2

When I run awk '/2017-12-05T12:07:33.941Z/{y=1;next}y' file.json it works as expected, printing everything after the timestamp.

I'm trying to follow the syntax in this Q/A but my syntax isn't expanding right:

awk -v last_log="$last_log" '/{print last_log}/{y=1;next}y' file.txt

Also trying:

awk -v last_log="$last_log" '/$0 ~ last_log/{y=1;next}y' file.txt

Example, given the following input, return all logs after last processed( 2017-12-05T12:07:33.941Z):

{ "name": "PeriodicWork", "hostname": "myHost", "pid": 12189, "level": 20, "msg": "Executing [CheckFailedTask NodeId=8]", "time": "2017-12-05T10:07:33.941Z", "v": 0 }

{ "name": "PeriodicWork", "hostname": "myHost", "pid": 12188, "level": 50, "msg": "Executing [CheckFailedTask NodeId=8]", "time": "2017-12-05T12:07:33.941Z", "v": 0 }

{ "name": "PeriodicWork", "hostname": "myHost", "pid": 12187, "level": 40, "msg": "Executing [CheckFailedTask NodeId=8]", "time": "2017-12-05T12:57:33.941Z", "v": 0 }

2 Answers2

3

Here, I don't think it was your intention to treat 2017-12-05T12:07:33.941Z as a regexp, (where . would match any character instead of just .).

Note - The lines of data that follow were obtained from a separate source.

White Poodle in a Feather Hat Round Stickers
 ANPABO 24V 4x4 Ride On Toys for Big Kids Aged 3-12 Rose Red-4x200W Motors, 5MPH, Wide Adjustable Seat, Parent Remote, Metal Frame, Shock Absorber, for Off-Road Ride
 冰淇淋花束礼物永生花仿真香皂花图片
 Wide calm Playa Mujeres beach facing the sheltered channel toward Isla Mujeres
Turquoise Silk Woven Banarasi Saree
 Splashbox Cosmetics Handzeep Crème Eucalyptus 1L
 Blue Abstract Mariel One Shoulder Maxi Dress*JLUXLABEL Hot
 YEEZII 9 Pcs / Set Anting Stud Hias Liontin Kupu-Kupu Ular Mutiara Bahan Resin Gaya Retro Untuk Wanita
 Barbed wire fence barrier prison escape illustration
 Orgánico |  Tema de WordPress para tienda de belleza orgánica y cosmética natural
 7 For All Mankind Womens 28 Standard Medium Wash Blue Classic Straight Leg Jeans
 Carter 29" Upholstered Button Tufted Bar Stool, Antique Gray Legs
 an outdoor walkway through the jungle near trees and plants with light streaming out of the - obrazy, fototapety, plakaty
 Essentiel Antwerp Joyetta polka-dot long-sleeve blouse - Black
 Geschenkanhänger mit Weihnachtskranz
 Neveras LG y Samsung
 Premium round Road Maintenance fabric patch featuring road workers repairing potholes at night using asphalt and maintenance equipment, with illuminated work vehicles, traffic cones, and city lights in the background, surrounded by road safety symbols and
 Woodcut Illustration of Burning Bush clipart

For a substring match, as opposed to a regexp match, you can use index():

LAST_LOG="$last_log" awk 'index($0, ENVIRON["LAST_LOG"]) {y=1;next};y' file.txt

I prefer ENVIRON over -v as -v mangles the content of the variable if it contains backslashes (as already noted in the Q&A you referenced).

About why yours fail:

/{print last_log}/

as a condition, matches on records that match the {print last_log} regular expression, but that's not a valid regular expression ({ is a regexp operator that needs to be used as {2} or {1,5}...).

In:

/$0 ~ last_log/

again, that tries to match on $0 ~ last_log as a regexp. Here that means on lines that contain 0 ~ last_log after the end of the line ($), so will never match. You probably meant:

awk -v last_log="$last_log" '$0 ~ last_log {y=1;next};y' file.txt

That is where the condition is the $0 ~ last_log expression as opposed to just one regexp /foo/. /foo/ is short for $0 ~ /foo/, that is match the foo regexp against the full record.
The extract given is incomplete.